- **TASK BRIEF**
Go through the material below and copy each line where the word "Online" appears.

• • • • • • •

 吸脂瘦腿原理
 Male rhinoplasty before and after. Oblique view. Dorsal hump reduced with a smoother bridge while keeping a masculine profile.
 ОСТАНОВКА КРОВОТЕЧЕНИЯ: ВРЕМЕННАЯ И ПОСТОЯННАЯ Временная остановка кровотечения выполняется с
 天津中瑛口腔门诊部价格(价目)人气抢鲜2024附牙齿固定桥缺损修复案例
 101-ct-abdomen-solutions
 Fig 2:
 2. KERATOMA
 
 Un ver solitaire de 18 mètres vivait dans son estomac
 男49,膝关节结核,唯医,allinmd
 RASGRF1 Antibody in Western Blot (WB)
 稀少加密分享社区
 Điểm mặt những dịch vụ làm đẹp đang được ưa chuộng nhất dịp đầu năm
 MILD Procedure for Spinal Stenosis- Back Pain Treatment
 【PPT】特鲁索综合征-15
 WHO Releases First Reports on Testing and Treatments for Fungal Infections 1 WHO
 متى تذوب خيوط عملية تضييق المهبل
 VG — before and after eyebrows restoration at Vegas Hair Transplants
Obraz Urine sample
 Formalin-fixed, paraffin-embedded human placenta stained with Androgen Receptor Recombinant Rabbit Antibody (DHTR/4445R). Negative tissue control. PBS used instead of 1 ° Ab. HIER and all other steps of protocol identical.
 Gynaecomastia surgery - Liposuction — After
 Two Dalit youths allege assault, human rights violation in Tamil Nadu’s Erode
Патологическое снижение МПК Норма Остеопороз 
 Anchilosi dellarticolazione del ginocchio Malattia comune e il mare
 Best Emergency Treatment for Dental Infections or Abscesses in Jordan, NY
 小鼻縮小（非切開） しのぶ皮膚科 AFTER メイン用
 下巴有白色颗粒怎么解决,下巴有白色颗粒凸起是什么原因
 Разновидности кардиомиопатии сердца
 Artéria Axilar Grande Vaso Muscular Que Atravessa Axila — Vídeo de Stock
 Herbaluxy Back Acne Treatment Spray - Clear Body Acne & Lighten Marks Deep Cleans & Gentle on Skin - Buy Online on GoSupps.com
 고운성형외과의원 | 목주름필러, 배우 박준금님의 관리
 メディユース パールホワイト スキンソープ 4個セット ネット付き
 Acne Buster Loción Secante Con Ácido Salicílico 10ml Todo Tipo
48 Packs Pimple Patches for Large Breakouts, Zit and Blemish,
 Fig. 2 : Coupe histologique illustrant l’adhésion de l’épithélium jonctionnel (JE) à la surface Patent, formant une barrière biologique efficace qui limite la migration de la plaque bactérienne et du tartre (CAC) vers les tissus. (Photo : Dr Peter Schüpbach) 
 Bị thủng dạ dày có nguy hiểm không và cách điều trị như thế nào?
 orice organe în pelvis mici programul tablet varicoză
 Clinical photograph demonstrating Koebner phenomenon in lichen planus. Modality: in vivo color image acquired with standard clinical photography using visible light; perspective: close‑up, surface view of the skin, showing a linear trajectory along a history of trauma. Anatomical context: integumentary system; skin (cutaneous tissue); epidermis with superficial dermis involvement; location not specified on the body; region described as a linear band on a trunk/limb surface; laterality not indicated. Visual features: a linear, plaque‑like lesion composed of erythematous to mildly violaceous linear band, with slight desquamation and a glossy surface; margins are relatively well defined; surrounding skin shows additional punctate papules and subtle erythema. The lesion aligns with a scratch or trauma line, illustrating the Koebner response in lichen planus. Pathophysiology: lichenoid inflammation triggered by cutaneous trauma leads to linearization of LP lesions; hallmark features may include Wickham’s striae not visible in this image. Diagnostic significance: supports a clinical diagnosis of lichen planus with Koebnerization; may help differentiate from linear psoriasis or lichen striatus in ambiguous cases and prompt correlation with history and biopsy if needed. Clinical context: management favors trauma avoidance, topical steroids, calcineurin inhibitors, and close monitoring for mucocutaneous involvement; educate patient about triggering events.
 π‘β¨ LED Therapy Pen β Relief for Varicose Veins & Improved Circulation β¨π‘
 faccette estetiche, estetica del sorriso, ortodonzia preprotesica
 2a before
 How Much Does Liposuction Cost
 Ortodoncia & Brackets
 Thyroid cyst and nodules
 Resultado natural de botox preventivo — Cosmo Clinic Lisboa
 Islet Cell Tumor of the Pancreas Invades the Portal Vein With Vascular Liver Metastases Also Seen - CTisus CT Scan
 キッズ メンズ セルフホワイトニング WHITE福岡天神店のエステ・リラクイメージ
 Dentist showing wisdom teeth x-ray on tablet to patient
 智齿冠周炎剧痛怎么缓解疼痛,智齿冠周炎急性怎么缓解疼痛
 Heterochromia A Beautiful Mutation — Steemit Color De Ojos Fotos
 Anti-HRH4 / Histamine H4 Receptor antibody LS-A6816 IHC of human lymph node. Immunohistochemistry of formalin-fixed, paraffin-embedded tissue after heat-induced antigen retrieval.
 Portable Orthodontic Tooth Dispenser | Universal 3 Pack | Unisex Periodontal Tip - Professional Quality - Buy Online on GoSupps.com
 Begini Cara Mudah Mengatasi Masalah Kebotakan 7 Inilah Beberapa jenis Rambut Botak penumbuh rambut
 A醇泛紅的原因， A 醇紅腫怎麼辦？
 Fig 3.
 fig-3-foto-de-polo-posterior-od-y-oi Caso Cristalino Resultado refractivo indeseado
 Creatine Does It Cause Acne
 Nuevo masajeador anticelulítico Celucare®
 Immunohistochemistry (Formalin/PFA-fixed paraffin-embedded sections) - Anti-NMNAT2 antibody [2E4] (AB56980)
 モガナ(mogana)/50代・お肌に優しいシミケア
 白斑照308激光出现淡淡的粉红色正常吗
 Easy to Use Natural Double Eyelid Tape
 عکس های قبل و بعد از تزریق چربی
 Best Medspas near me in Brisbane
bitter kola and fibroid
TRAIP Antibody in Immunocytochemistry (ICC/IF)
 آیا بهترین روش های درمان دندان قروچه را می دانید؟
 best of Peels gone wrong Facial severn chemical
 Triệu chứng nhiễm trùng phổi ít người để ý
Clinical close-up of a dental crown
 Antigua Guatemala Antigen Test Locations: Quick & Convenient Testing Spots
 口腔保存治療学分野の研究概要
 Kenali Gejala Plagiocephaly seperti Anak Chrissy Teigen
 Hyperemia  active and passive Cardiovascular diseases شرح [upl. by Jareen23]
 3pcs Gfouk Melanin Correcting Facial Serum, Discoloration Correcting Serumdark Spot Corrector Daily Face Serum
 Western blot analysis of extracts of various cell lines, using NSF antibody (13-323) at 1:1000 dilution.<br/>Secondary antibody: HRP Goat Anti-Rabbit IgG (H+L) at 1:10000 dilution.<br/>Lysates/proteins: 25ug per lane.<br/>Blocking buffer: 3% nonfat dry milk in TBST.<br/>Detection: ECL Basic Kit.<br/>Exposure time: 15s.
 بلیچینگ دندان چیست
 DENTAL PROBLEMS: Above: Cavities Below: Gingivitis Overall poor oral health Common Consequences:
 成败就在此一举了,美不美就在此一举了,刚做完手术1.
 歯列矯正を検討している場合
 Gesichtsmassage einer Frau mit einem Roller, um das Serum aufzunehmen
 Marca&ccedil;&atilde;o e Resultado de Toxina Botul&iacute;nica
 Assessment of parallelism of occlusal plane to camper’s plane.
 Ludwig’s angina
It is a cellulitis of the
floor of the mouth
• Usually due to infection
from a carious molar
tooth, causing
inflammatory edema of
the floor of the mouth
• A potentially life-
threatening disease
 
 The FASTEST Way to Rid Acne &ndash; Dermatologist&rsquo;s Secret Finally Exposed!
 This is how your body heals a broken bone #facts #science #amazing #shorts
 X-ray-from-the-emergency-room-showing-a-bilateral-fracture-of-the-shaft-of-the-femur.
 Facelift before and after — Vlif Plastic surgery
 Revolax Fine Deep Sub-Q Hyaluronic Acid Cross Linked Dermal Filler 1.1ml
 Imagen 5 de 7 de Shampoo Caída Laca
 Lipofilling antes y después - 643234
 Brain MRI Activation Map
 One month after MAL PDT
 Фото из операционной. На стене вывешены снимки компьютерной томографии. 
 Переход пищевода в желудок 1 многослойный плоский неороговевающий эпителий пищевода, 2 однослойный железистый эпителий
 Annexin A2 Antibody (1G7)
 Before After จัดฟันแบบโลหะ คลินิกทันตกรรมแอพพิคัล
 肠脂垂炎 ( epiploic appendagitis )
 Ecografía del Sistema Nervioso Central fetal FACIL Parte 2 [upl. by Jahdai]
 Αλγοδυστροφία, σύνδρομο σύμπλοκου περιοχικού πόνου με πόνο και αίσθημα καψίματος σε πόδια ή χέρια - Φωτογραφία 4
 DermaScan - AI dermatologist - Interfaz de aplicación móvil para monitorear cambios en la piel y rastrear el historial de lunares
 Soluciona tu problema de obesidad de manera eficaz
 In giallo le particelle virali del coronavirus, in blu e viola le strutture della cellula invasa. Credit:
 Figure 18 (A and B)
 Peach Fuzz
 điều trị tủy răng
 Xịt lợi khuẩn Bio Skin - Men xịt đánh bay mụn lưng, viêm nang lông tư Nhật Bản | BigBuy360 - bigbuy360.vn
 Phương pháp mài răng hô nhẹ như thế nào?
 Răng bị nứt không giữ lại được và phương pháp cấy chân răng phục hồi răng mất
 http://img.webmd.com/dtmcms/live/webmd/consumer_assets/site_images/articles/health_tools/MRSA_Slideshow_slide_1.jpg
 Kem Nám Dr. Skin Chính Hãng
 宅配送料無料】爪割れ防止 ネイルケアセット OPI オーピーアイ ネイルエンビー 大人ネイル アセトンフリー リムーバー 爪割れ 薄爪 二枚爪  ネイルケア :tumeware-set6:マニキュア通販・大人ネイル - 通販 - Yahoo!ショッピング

• • • • • • •

- **OUTPUT OF THE EXERCISE**
 Herbaluxy Back Acne Treatment Spray - Clear Body Acne & Lighten Marks Deep Cleans & Gentle on Skin - Buy Online on GoSupps.com
 Portable Orthodontic Tooth Dispenser | Universal 3 Pack | Unisex Periodontal Tip - Professional Quality - Buy Online on GoSupps.com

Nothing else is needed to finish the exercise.